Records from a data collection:

________________________________________

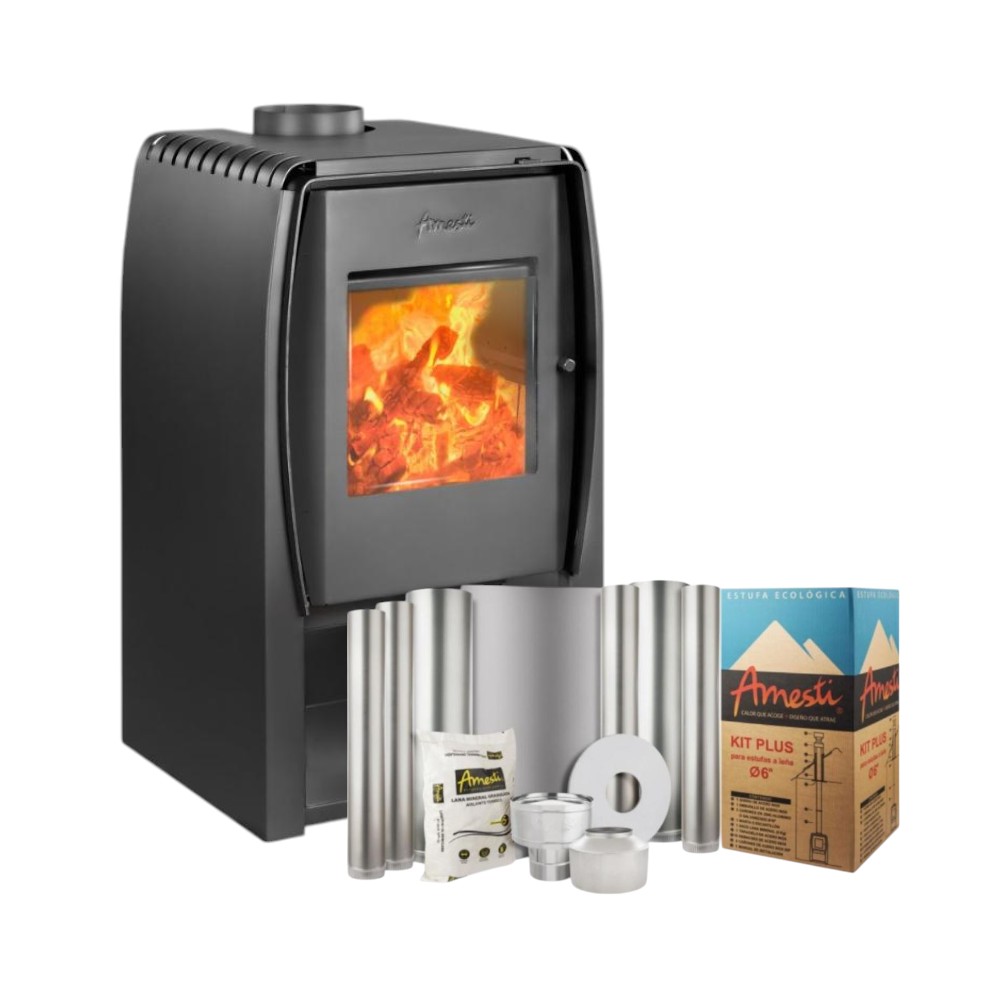 Calefactor Leña Amesti Nordic 450 Negro + Kit Instalación 6"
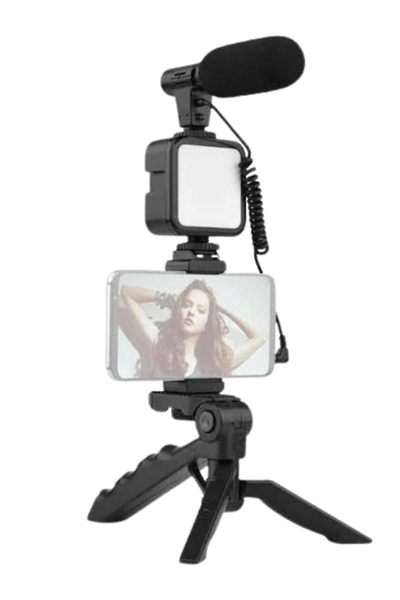 Tripod Telefon Tutucu Kumandalı Mikrofon Led Işık Vlog Video Kayıt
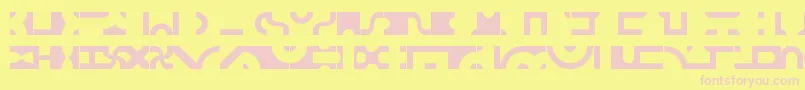 Bitbttf-Schriftart – Rosa Schriften auf gelbem Hintergrund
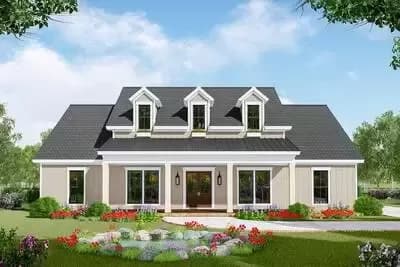3-Bed Farmhouse Plan with Bonus Room and Bath Above Garage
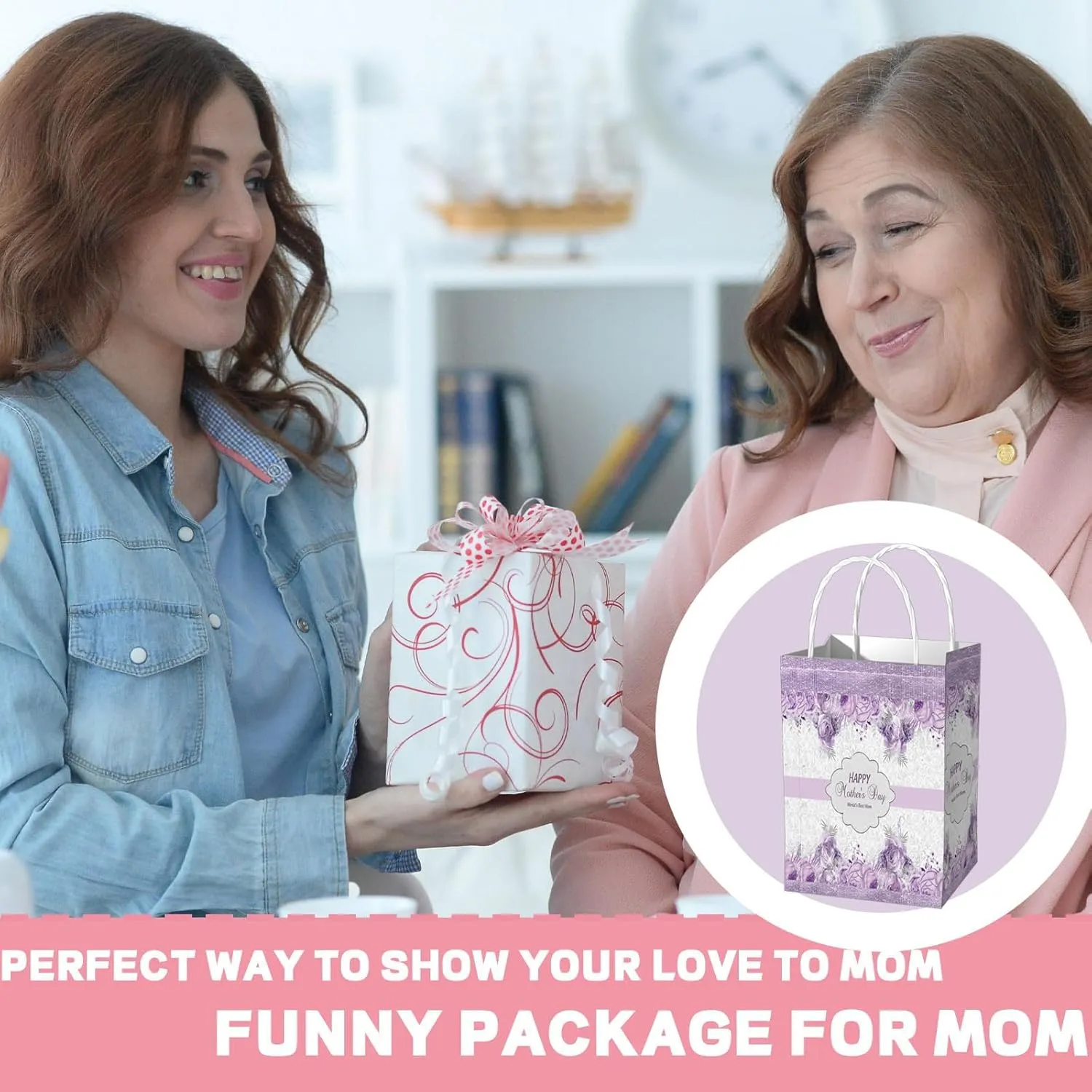 48 Pcs Mother's Gift Bags Happy Mother's Day Candy Bags with Handles Purple Floral Design Paper Gift Pouch for Women Valentine Anniversary Birthday Party Goodies Treat Box 3.15×5.9×11 Inch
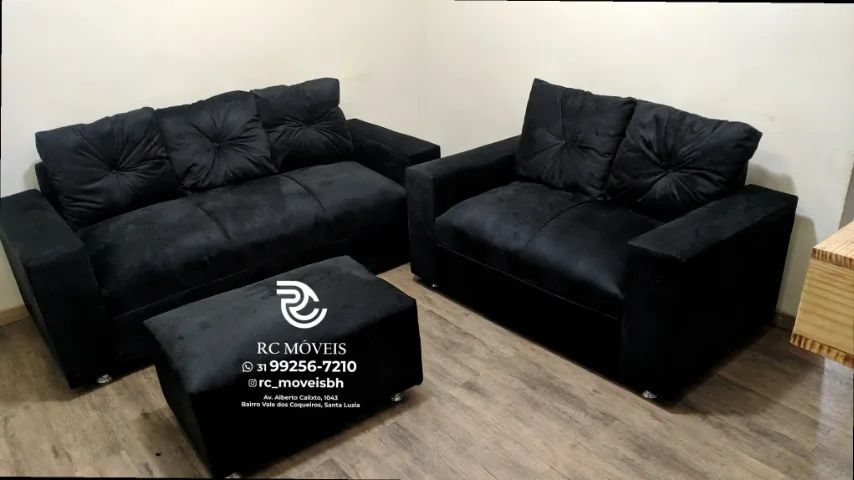 Sofá 2 e 3 assentos com Puff Material suede D33 Confortável Direto da Fábrica - Foto 4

________________________________________

**TASK REQUIREMENTS**
When you retype the records, keep every word exactly as written and exclude the pictures.

**OUTPUT OF THE TASK**
 Calefactor Leña Amesti Nordic 450 Negro + Kit Instalación 6"
 Tripod Telefon Tutucu Kumandalı Mikrofon Led Işık Vlog Video Kayıt
 Bitbttf-Schriftart – Rosa Schriften auf gelbem Hintergrund
3-Bed Farmhouse Plan with Bonus Room and Bath Above Garage
 48 Pcs Mother's Gift Bags Happy Mother's Day Candy Bags with Handles Purple Floral Design Paper Gift Pouch for Women Valentine Anniversary Birthday Party Goodies Treat Box 3.15×5.9×11 Inch
 Sofá 2 e 3 assentos com Puff Material suede D33 Confortável Direto da Fábrica - Foto 4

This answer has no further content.